De La Warr, George (1905-1969)
De La Warr, George (1905-1969)
British expert in radionics, a subject related to radiesthesia and dowsing, and which uses an apparatus to identify claimed subtle radiation in humans and objects. The primary use of the tool was to diagnose illnesses. Born on August 19, 1904, in Southwick, Sussex, England, and educated at Brighton Technical College, De La Warr served as a captain with the British army in the Royal Engineers. De La Warr was best known for his device that was developed from the black box of Albert Abrams but used the method of stroking a rubber pad with the fingers instead of tapping the abdomen of a patient. The rubber detector pad was set in a frame with a wire circuit connection to a box containing various knobs and dials. A blood sample from the patient was placed in this circuit, and the rubber pad was stroked by the operator's finger until it indicated a "sticking" sensation at various dial readings. It was claimed that the dial markings denoted various pathological conditions of the patient whose blood sample was being tested.

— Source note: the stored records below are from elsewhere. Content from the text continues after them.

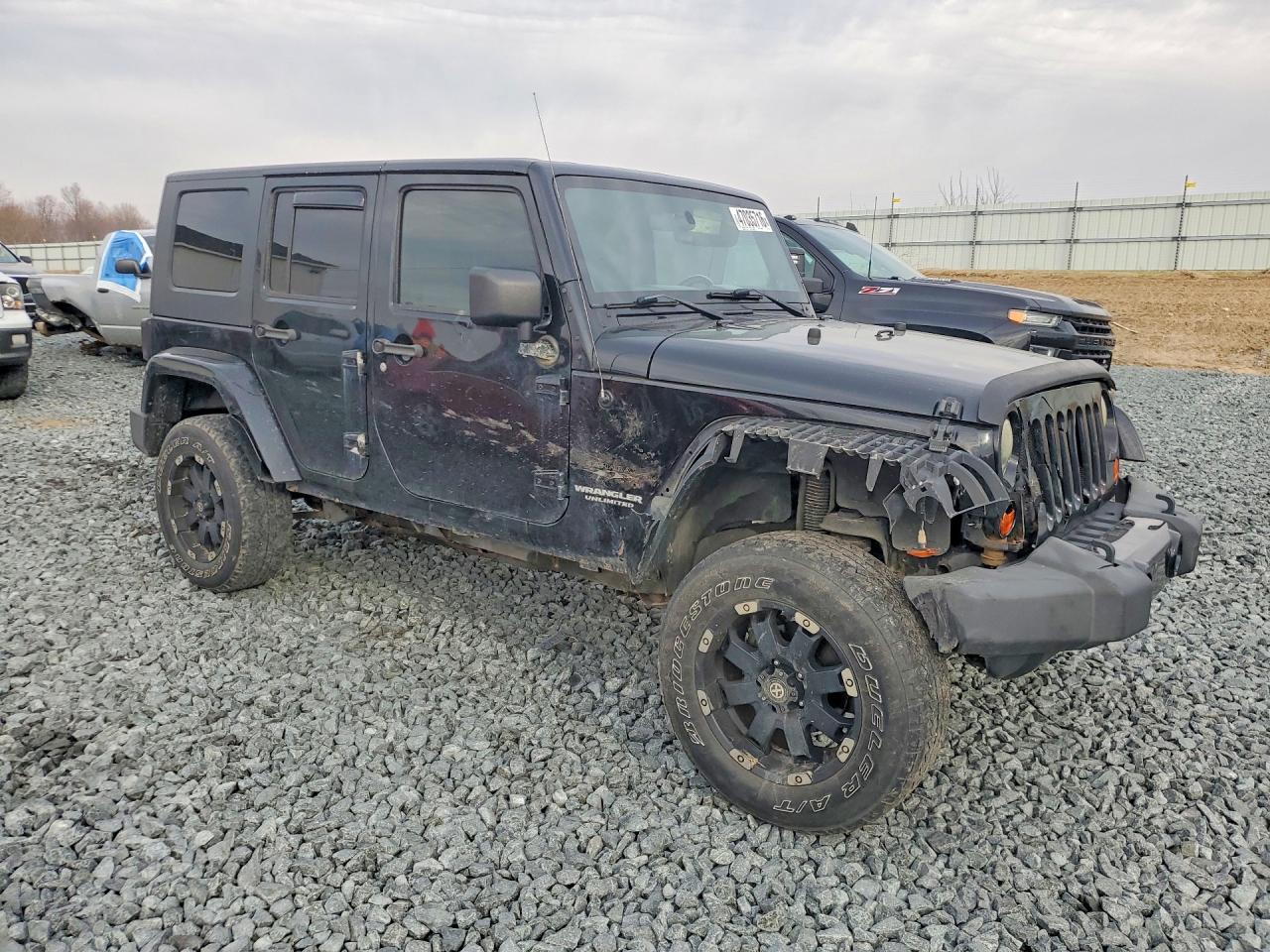 JEEP WRANGLER UNLIMITED 2010 — 5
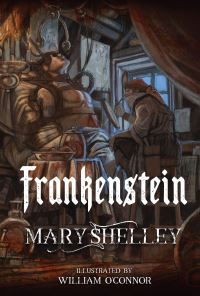 Book Cover for Frankenstein by Mary Shelley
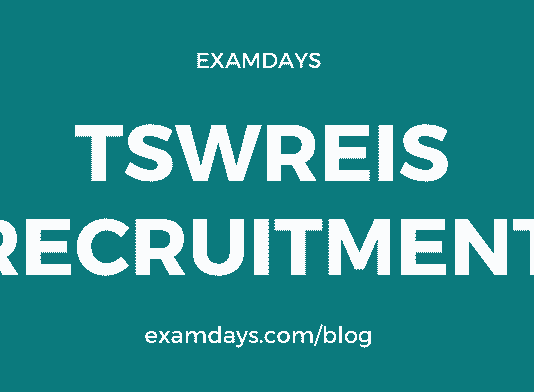 tswreis recruitment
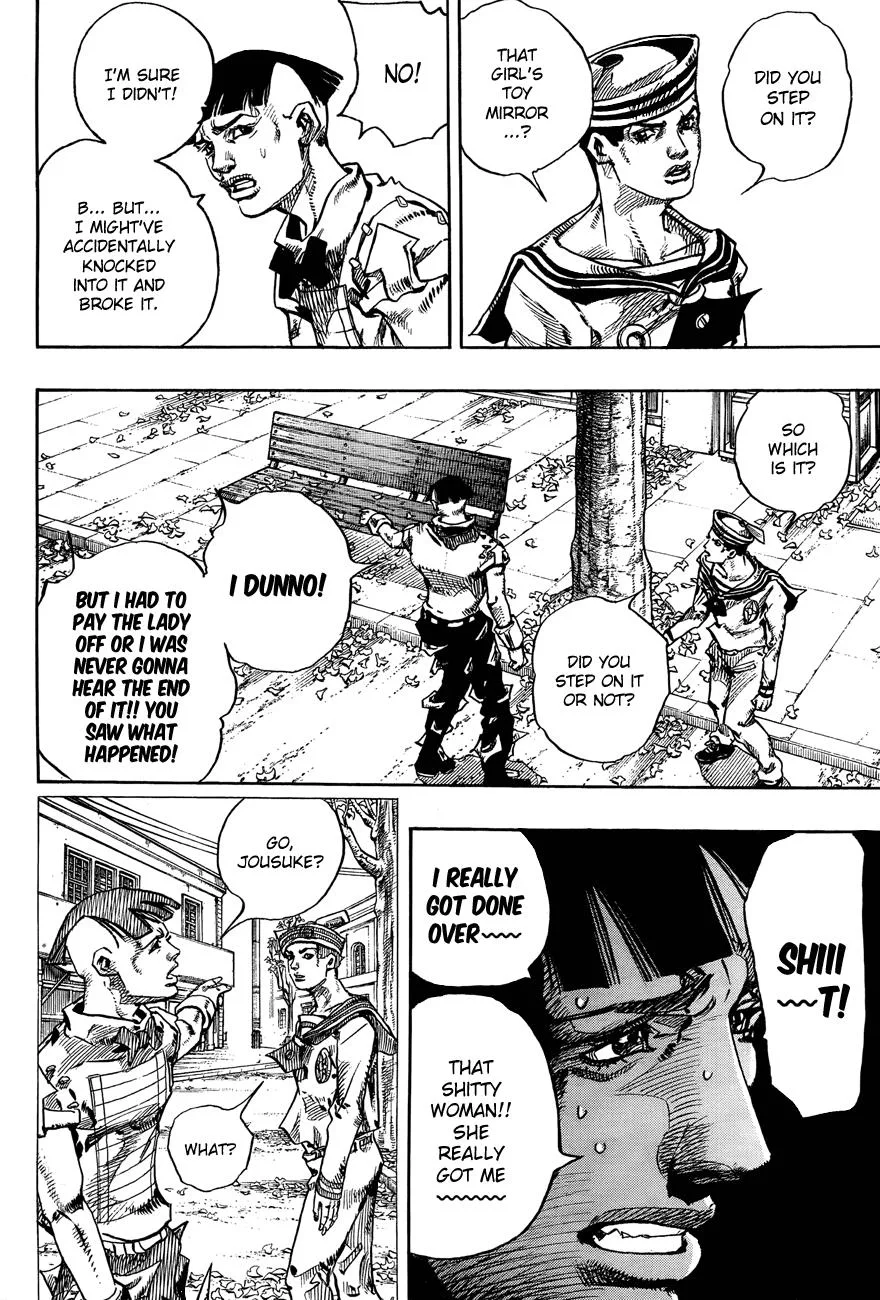JoJo's Bizarre Adventure - Chapter 865 - Page 36
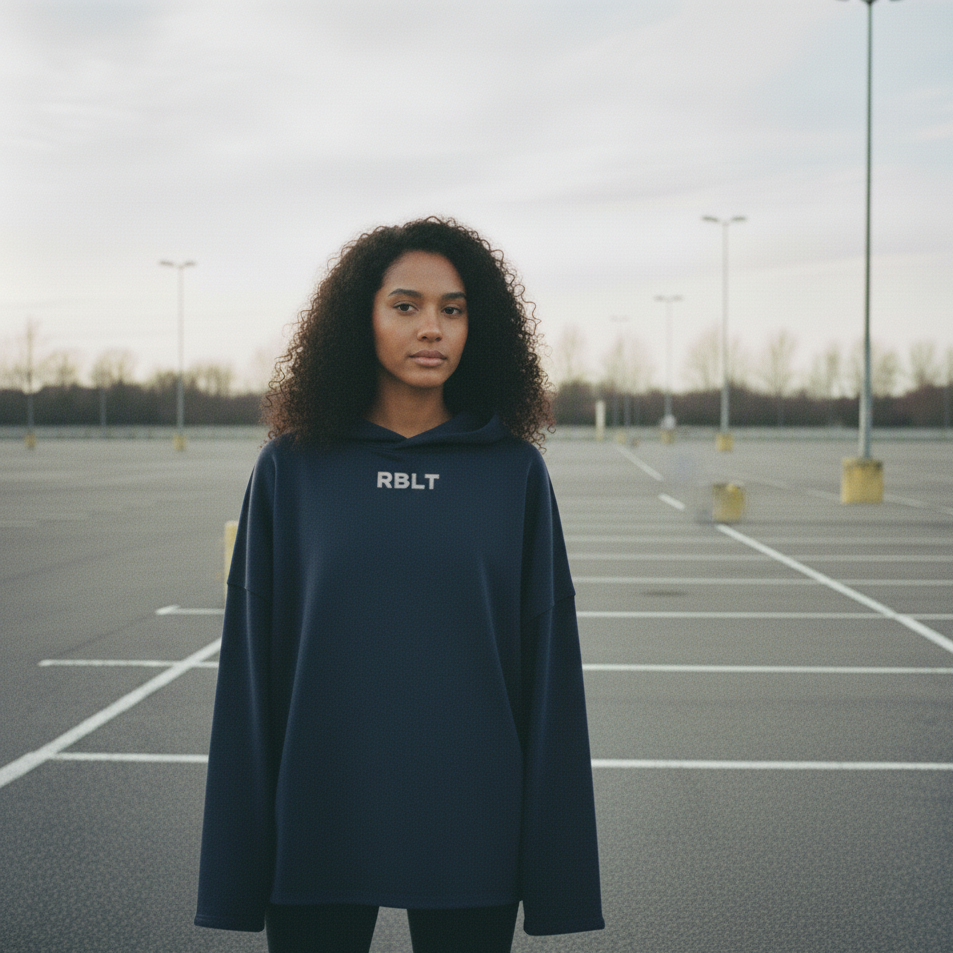 BUILT FROM NOTHING OVERSIZED HOODIE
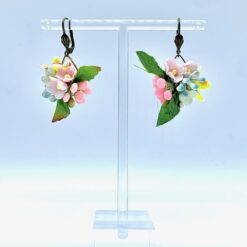 Boucles d'oreilles fleurs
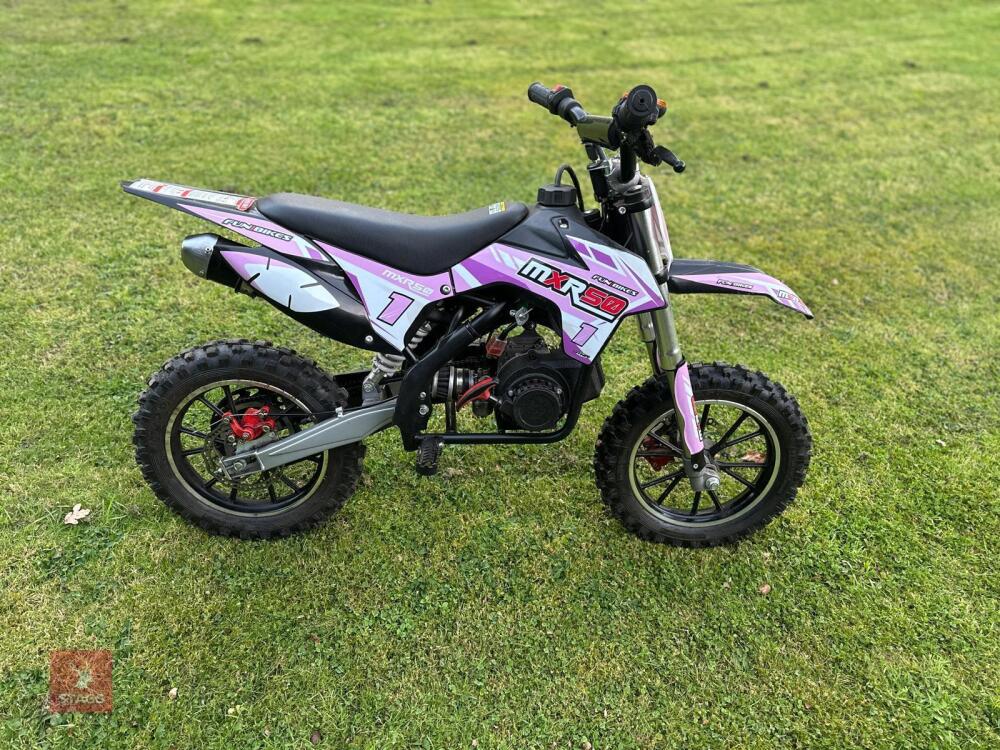 FUNBIKES MINI MOTORBIKE MXR500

In addition to diagnosis of disease, the apparatus was used for absent treatment of the patient by "correcting wave forms," sometimes in conjunction with exposure of a photographic plate inserted in the box, resulting in a kind of "psychic photo-graph." There was no conventional electric or magnetic circuit in black boxes, so their inventors (including De La Warr) were often charged with fraud.
De La Warr founded a research laboratory at Oxford, England, Delawarr Laboratories, and developed various black boxes for medical purposes, including the thought energy detector, an art appreciation apparatus, the Psychoplot, and the vibrograph, which detects molecular changes. He also experimented with photographs related to radiation from blood samples. His theories about subtle radiation are presented in detail in the book New Worlds Beyond the Atom (1956).
He received considerable support from a variety of eminent individuals, including Air Marshal Sir Victor Goddard, Methodist minister Leslie Weatherhead, and Kenneth Walker (a student of Georgei I. Gurdjieff ). None had medical credentials nor could their enthusiasm stop the medical community from condemning De La Warr's work (as it had earlier denounced Abrams's).